WHAT IS NEEDED: Repeat every line from the line containing "this 900×501 image." to the end of the data, exactly. Leave the pictures out.

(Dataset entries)
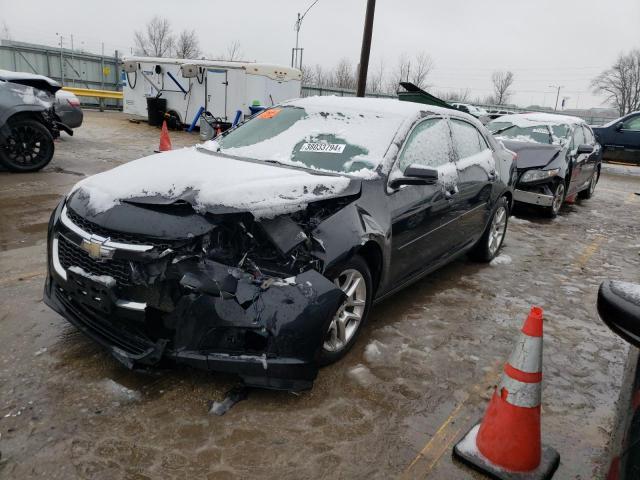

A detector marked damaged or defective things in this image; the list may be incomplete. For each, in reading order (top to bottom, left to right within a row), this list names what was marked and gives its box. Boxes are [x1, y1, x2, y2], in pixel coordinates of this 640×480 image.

front bumper damage [43, 201, 348, 392]
crushed front end [43, 195, 350, 390]
crumpled hood [71, 147, 360, 218]
damaged black sedan [43, 96, 516, 390]
crumpled hood [502, 139, 564, 169]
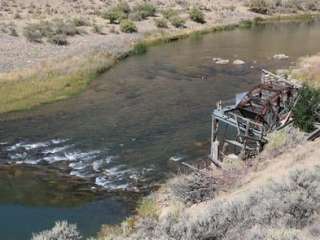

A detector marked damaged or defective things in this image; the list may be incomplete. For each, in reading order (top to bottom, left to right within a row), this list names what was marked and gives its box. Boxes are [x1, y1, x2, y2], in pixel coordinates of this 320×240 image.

rusted machinery [210, 69, 300, 163]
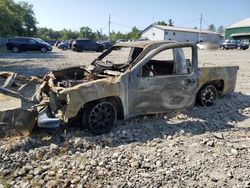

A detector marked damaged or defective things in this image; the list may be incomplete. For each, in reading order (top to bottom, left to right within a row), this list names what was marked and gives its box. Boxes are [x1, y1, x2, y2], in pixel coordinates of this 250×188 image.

damaged wheel [82, 102, 116, 134]
destroyed vehicle [0, 40, 238, 136]
burned pickup truck [0, 41, 238, 136]
damaged wheel [197, 84, 217, 106]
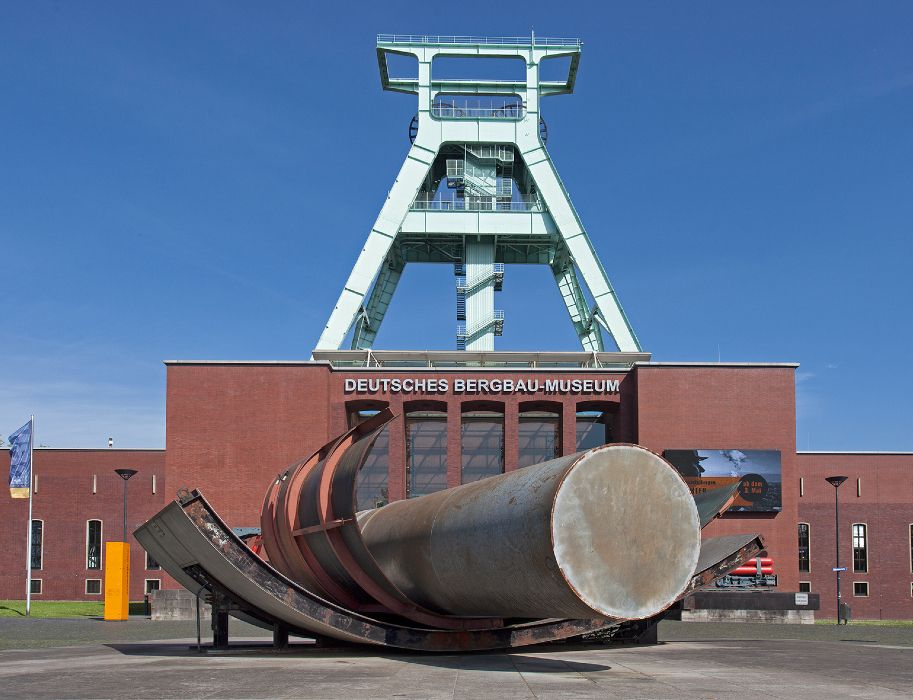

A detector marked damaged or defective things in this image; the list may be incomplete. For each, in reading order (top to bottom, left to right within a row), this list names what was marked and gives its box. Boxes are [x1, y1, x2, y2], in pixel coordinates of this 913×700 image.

large rusty steel pipe sculpture [135, 410, 764, 652]
rusted metal cradle [137, 410, 764, 652]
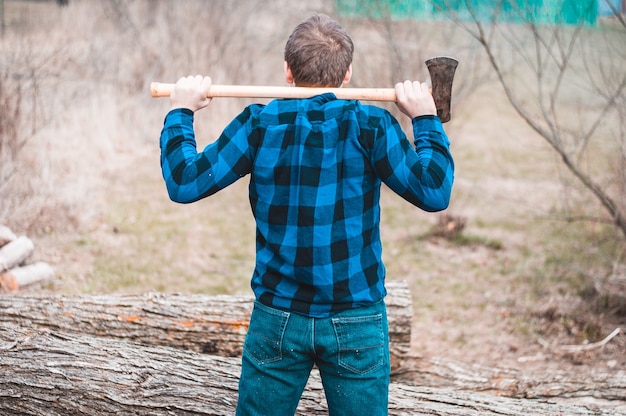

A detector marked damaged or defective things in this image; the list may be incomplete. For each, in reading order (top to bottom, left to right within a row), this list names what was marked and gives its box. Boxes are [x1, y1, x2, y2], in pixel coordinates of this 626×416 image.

rusty axe head [422, 57, 456, 122]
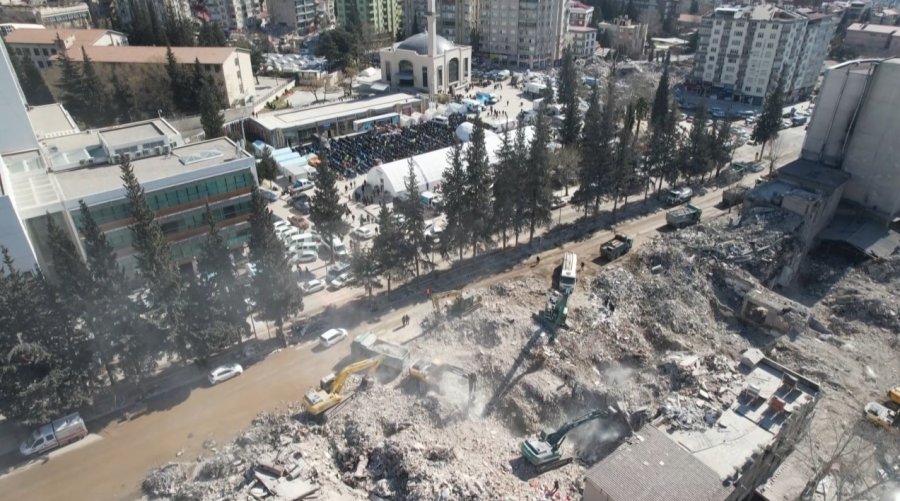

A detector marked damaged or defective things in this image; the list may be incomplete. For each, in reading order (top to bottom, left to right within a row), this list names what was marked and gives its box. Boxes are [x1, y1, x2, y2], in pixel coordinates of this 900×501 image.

damaged concrete building [580, 348, 820, 500]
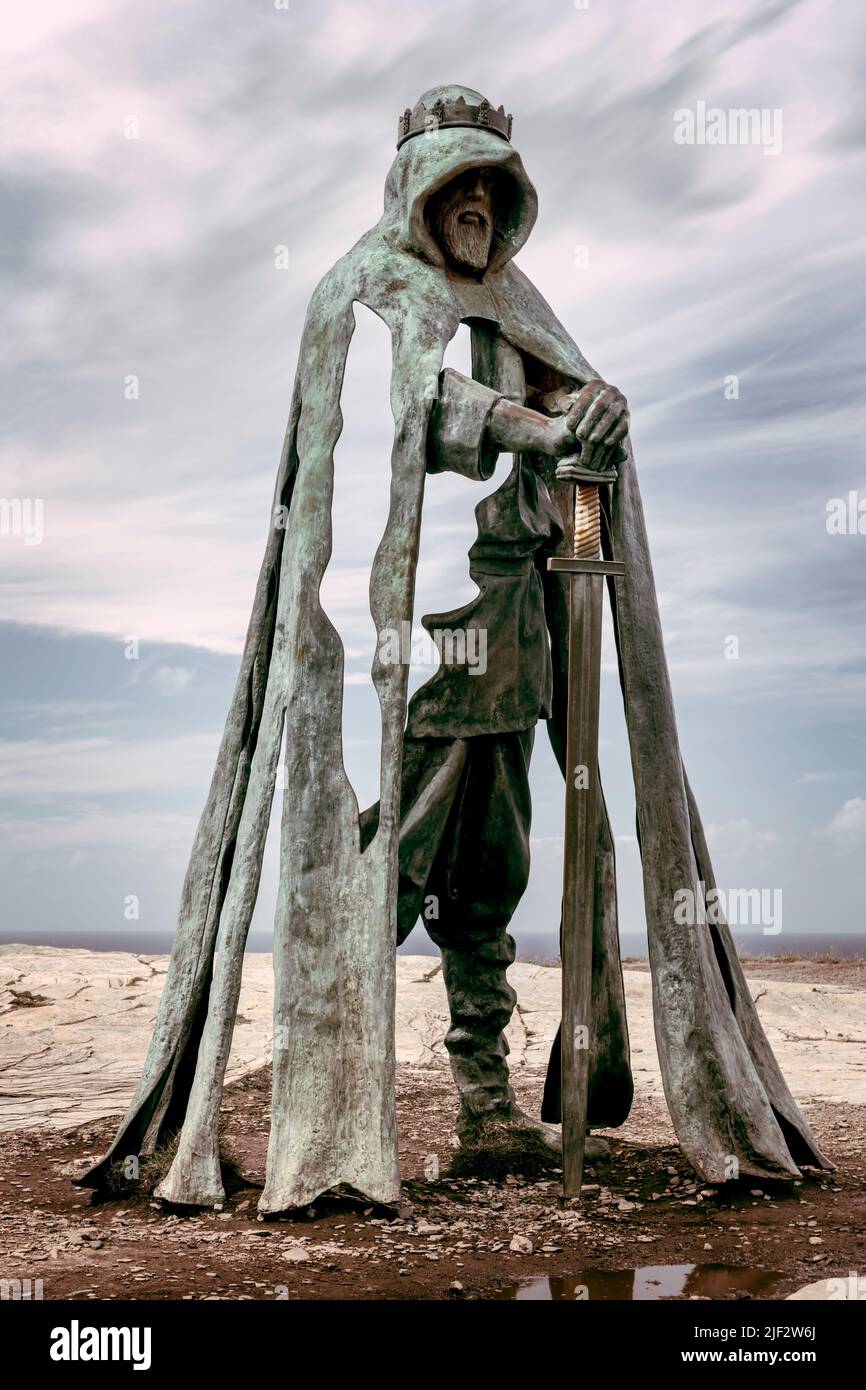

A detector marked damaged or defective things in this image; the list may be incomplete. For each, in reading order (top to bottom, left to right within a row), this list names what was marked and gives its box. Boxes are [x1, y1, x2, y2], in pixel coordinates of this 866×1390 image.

tattered cloak edge [81, 122, 834, 1206]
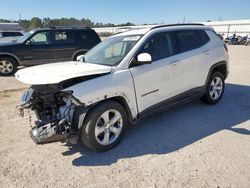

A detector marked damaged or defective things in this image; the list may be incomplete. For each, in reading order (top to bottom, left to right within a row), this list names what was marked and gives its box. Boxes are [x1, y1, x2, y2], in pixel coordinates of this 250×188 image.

dented hood [15, 61, 112, 85]
damaged front end [19, 84, 84, 145]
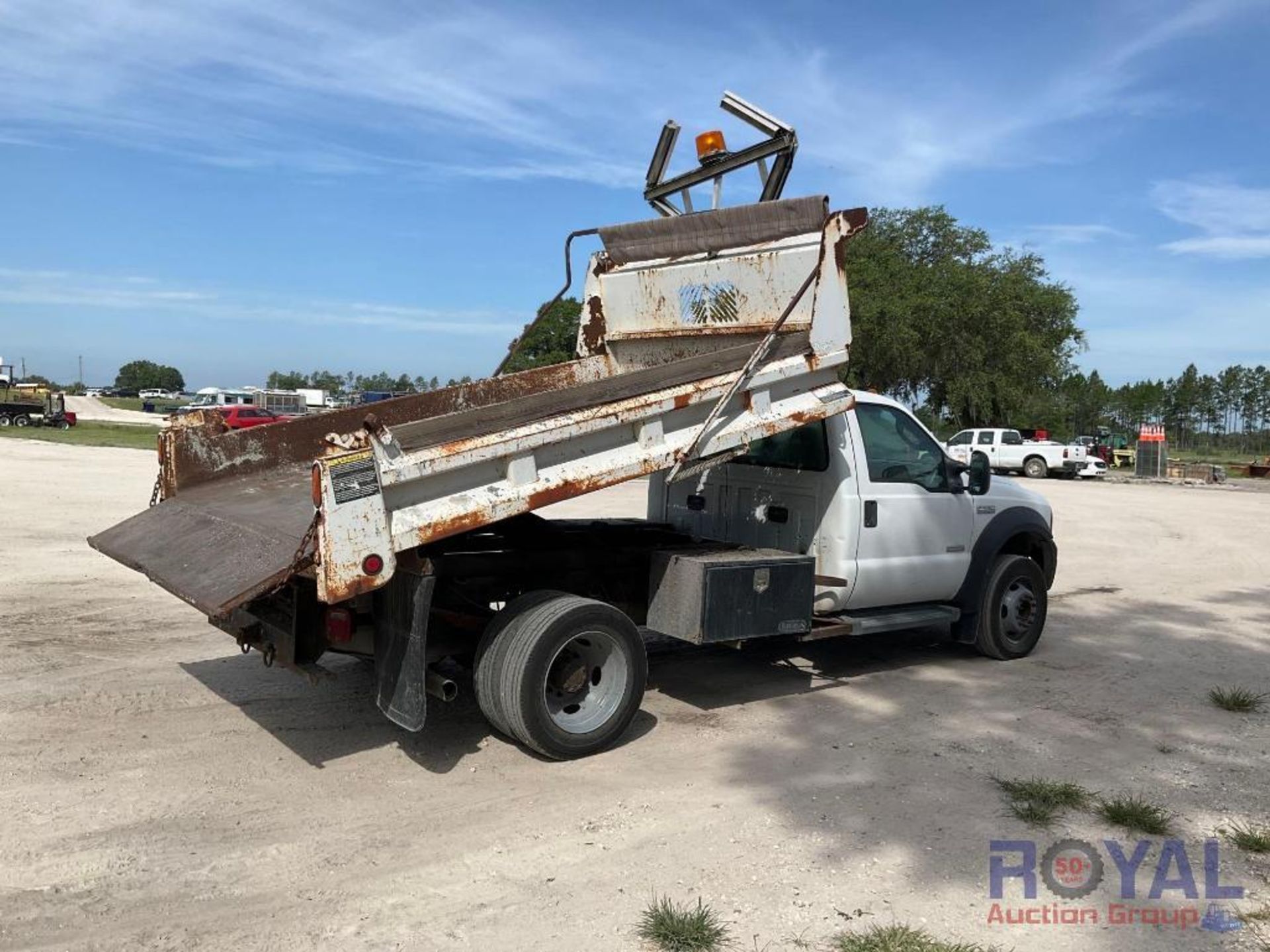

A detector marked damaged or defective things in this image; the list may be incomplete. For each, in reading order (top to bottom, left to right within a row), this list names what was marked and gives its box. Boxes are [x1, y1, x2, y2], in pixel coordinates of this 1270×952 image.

rusty dump body [87, 195, 863, 627]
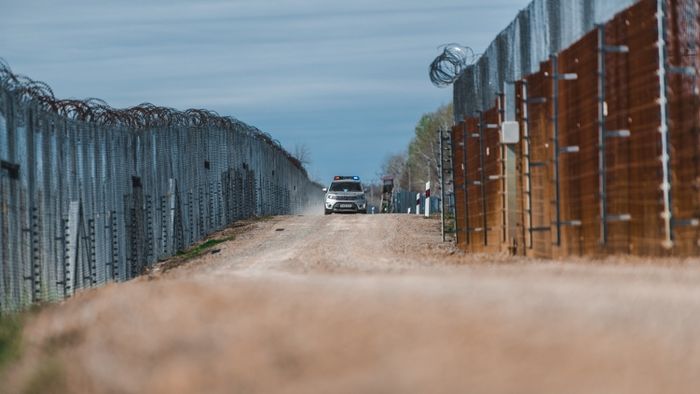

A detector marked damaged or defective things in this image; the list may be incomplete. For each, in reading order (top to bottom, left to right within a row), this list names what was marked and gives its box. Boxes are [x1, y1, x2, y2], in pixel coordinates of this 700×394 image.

rusty metal fence panel [0, 74, 322, 314]
corrugated rusty panel [524, 66, 552, 260]
rusty metal fence panel [452, 0, 696, 258]
corrugated rusty panel [668, 0, 700, 254]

FINISHED EXERCISE:
A detector marked damaged or defective things in this image; the list may be incomplete. For each, in reading order (top to bottom, left to right within a row), this list names what was marked and gives its box. Boxes are [x1, y1, x2, y2], in pixel coordinates of this 900×501 image.

damaged concrete building [580, 348, 820, 500]

A detector marked damaged or defective things in this image; the list may be incomplete. For each, in reading order (top to bottom, left to right within a row), this list names what was marked and gives its box. Boxes are [x1, y1, x2, y2], in pixel coordinates of this 866×1390 image.

tattered cloak edge [81, 122, 834, 1206]

A detector marked damaged or defective things in this image; the list may be incomplete. For each, in reading order (top to bottom, left to right within a row), this list names what was marked and gives its box. Boxes are [x1, y1, x2, y2], in pixel coordinates of this 250×188 image.

dented hood [15, 61, 112, 85]
damaged front end [19, 84, 84, 145]

A detector marked damaged or defective things in this image; the list may be incomplete. For each, in reading order (top to bottom, left to right within a row), this list names what was marked and gives its box. Boxes are [x1, y1, x2, y2], in pixel coordinates of this 1270×952 image.

rusty dump body [87, 195, 863, 627]

A detector marked damaged or defective things in this image; the list may be incomplete. For each, in reading order (top to bottom, left to right within a row), this list names what was marked and gives its box. Boxes are [x1, y1, x2, y2], in pixel coordinates of this 700×394 image.

rusty metal fence panel [0, 74, 322, 314]
corrugated rusty panel [524, 66, 552, 260]
rusty metal fence panel [452, 0, 696, 258]
corrugated rusty panel [668, 0, 700, 254]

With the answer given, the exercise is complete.